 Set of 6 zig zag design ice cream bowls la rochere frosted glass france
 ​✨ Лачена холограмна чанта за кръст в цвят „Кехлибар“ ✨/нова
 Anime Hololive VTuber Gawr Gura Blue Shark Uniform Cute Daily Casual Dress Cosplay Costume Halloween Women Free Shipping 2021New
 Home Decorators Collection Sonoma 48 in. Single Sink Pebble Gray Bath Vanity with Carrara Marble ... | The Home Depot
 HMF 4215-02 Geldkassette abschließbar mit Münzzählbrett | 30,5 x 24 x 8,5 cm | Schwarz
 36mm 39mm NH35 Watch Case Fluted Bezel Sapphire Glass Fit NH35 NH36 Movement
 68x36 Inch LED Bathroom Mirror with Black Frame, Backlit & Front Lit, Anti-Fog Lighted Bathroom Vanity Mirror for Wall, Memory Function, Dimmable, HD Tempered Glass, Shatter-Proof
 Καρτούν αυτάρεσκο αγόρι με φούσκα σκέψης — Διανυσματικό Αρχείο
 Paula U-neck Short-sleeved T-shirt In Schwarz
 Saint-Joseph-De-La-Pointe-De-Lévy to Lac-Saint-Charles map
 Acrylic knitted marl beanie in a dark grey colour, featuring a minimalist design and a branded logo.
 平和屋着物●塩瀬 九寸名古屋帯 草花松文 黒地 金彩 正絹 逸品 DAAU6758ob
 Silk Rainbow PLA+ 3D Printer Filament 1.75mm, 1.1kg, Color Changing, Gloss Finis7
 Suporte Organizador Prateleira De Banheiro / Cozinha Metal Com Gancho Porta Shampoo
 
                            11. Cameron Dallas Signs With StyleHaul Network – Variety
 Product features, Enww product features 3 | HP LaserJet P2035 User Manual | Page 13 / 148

........

◆ **EXERCISE PROMPT**
Exactly the lines from the one containing "平和屋着物●塩瀬 九寸名古屋帯 草花松文 黒地 金彩 正絹 逸品 DAAU6758ob" through the end of the records above should be returned, with both ends kept.

◆ **RESPONSE TO THE TASK**
 平和屋着物●塩瀬 九寸名古屋帯 草花松文 黒地 金彩 正絹 逸品 DAAU6758ob
 Silk Rainbow PLA+ 3D Printer Filament 1.75mm, 1.1kg, Color Changing, Gloss Finis7
 Suporte Organizador Prateleira De Banheiro / Cozinha Metal Com Gancho Porta Shampoo
 
                            11. Cameron Dallas Signs With StyleHaul Network – Variety
 Product features, Enww product features 3 | HP LaserJet P2035 User Manual | Page 13 / 148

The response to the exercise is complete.